Forty minutes later, I entered the hotel. In an upbeat voice, I said to the receptionist, “Sergei.” She gazed laconically at me, slowly shaking her head.
I was in the fourth-largest city in the world, a city of close to seven million people, and I couldn’t make contact with anybody. I couldn’t speak Russian. On a slip of paper, I penned the Russian words for “to speak English” and passed it to the receptionist. Another blank stare.
I’ll have to contact the embassy again, I told myself. I wrote the word for “telephone” on a scrap of paper and showed it to a policeman. He disinterestedly pointed to the instrument. To my chagrin, I suddenly realized I had no rubles to make the call!
There was, I decided, no way to contact “Sergei.” I sat in the hotel lounge and thought and prayed. Moments later, I spied the bus driver who had driven me to the hotel. I quickly dug into my pocket for the embassy address. I showed it to him and, at the same time, displayed a handful of Canadian coins. Pointing to his bus, he offered to drive me to the embassy.

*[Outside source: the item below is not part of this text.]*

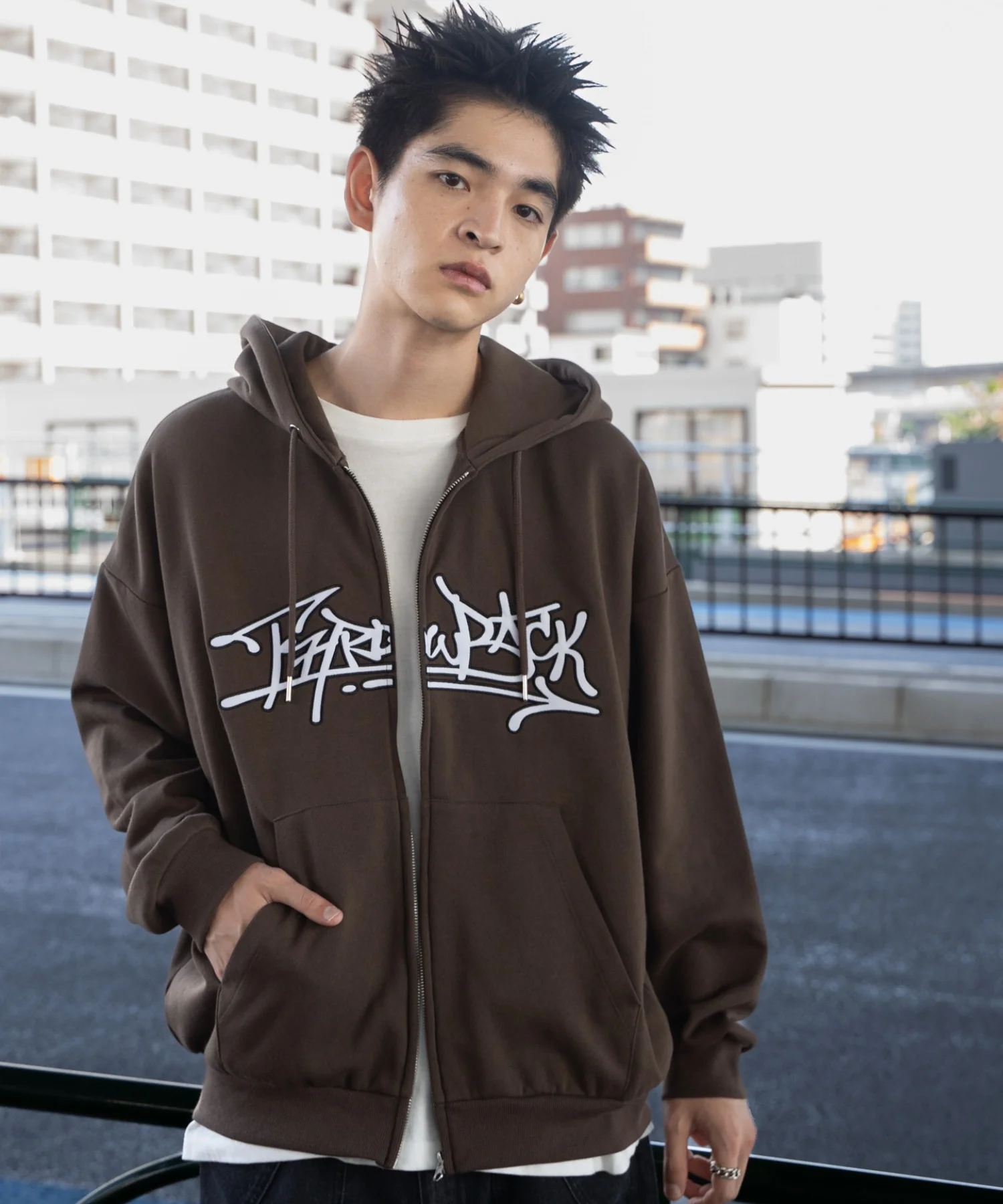 ワッペンロゴジップパーカー - Image 4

The embassy door at 23 Stariokonyushenny Pereulok was a welcome sight. Inside I told my story to one man, then another. It was too late to speak with the folks at Radio Moscow and I didn’t have anywhere to spent the night. A Canadian secured a hotel room for me and loaned me ten rubles.
I careened to Hotel Ukraine in a black station wagon, driven by a Russian. I jumped into bed and slept for six hours. Once awake, I became very lonely…and scared.

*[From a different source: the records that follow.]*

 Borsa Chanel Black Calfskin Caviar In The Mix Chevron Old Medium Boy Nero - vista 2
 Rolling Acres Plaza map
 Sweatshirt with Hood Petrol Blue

On Monday morning, I left the hotel and caught a cab to the embassy, where I was met by a host of friendly faces. I rehearsed my story. They made several phone calls on my behalf. Radio Moscow was adamant that I had not won the trip. “No one ever wins a trip from us!” they declared.
The first secretary and consul at the embassy read to the Russian the letters I had received from Radio Moscow.
“Who signed these letters?”
“Mrs. Maria Kolbantsev.”
“But that’s impossible. No such person works at our studious!”
At this revelation, my Canadian friend boiled over and, in language that turned the air around me blue, harshly demanded immediate action. His pressure resulted in grudging progress. I was told that later that day, I would be traveling to Leningrad to begin my tour. The Canadian Embassy had become my personal haven, my Shangri-La, my home away from home.
Since then, many What if? questions have arisen in my mind. The answer to each one goes back to the debt of appreciation I feel for the Canadian Embassy in Moscow and their personal care for me at a time when my future looked so foreboding.